Google, the company that became a household word by searching websites without actually reading them, wants to translate text untouched by human hands, or by the human voice.
It is working on a program that will translate a text instantly into any language. Unlike translation machines that must be programmed to recognize both grammar and vocabulary in order to translate anything, Google’s e-translator requires no linguistic knowledge at all. Instead of parsing sentences and defining words, the new Google translator employs a statistical model to compare large numbers of already-translated texts and then applies the patterns that it distills from this database to documents that haven’t been translated yet. The company claims that the more translations it uploads, the better the Googler’s ability to translate new documents becomes.
The project’s director defended the company’s decision to mechanize the translation process because computers make fewer mistakes than humans. The computer won't be distracted by the meaning of a word. Instead, it will determine that certain words are statistically more likely to occur with other words. As a result, computer translations are likely to avoid gaffes like that committed when Russian premier Vladimir Putin’s translator referred to the German Chancellor as “Fuehrer Gerhard Schroeder.” Regardless of their past, or in some cases because of it, post-war German leaders have shunned the title “Fuehrer,” at least in public, preferring the less stigmatized “Bundeskanzler,” a term that the computer will see as typically accompanying the name of recent German chancellors.
On the other hand, a computer is just as likely as president Jack Kennedy was to translate the German word Berliner as ‘a resident of Berlin.’ When Kennedy told a crowd of cheering citizens of West Berlin, “Ich bin ein Berliner,” he thought he was saying that he was just like them. He was really saying, “I am a jelly doughnut,” because that’s what Berliner means (though for obvious reasons, just as the French don't call french fries french fries, or even liberty fries, Berliners call the jelly doughnut something else).
It has long been the dream of computer programmers to produce translations that are both instantaneous and people-proof, a goal which clashes with the common belief that while language is natural to humans, it’s not easily mastered by machines. Preliminary results suggest to developers at Google that while their machine translations may not qualify as literary masterpieces, they should be good enough for documents whose meaning doesn’t turn on nuance and style.
Of course, not too many texts don’t turn on nuance and style.

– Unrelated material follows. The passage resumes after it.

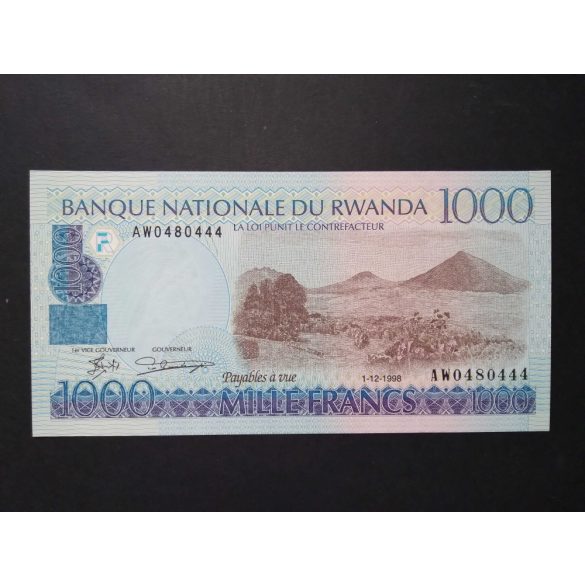 Rwanda 1000 Francs 1998 UNC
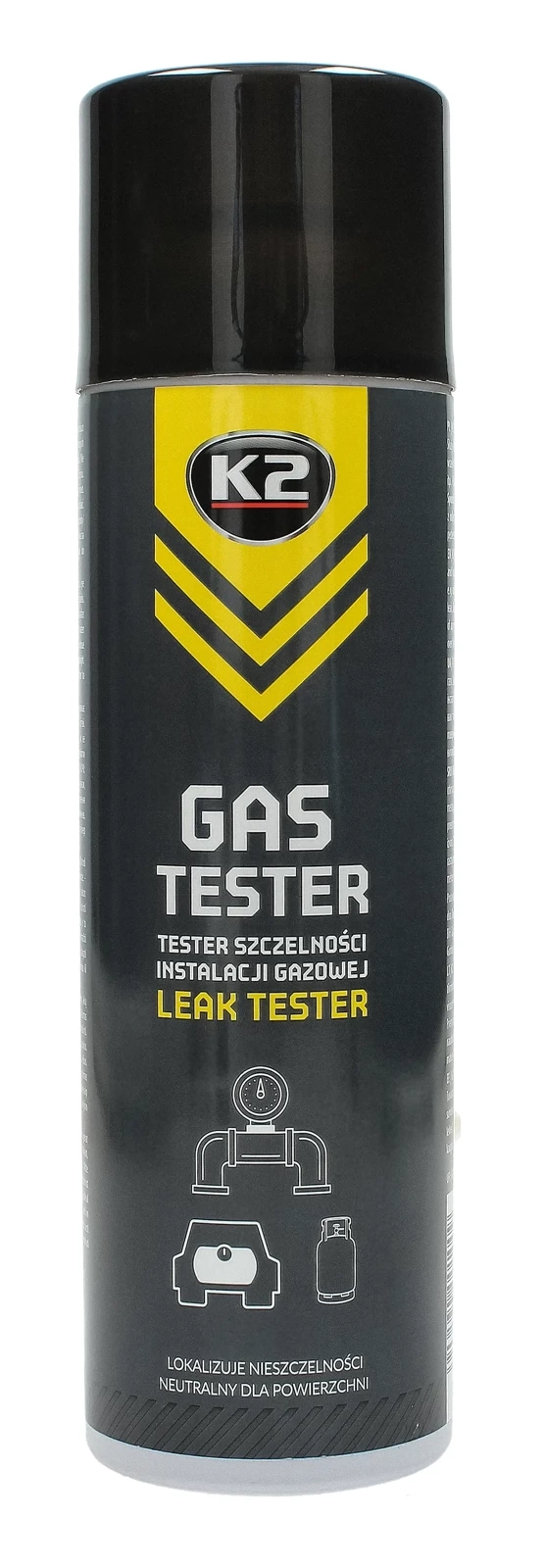 Тестер герметичности газовых баллончиков K2 400ml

Laws and contracts, formulaic though some of their language may be, are subject to endless disputes over interpretation. Business documents have to be exact in any language. Religious texts, often purporting to be the divine word made clear and manifest, spark debates that steer quickly away from polite to warlike. News articles are supposed to be neutral – maybe – but critics are quick to charge slant and bias for all but the most innocuous of publications.
Even apparently obvious meanings turn out to be subtle and slippery. The shopping list is a good example. Simple strings of words like “bread, milk, cereal, some fruit if it looks nice, something for Wednesday?” seem to be totally forthright, but they too turn out to be heavily coded: what kind of bread? wheat or rye? Wonder Bread or 27-grain? and the milk: whole milk, 2%, or skim (and how much of each)? One person’s “nice fruit” is another’s “you know I don’t eat that.” And what’s supposed to be happening on Wednesday that will determine an appropriate “something for Wednesday?”? And why that final question mark after Wednesday? Is Wednesday likely not to be special after all? Are we possibly going to skip Wednesday altogether and go straight from Tuesday to Thursday? Worse yet, is there something ominous about the future that I don't know?
We will all look forward to the Googler’s debut, but I for one won’t be surprised if the translations that it produces become the fodder for jokes and parodies or lawsuits in the same way that we make fun of or litigate the many mistranslations generated by humans. At least the machines won’t come away with hurt feelings when we laugh at them. Wait, machines don’t have feelings yet, do they?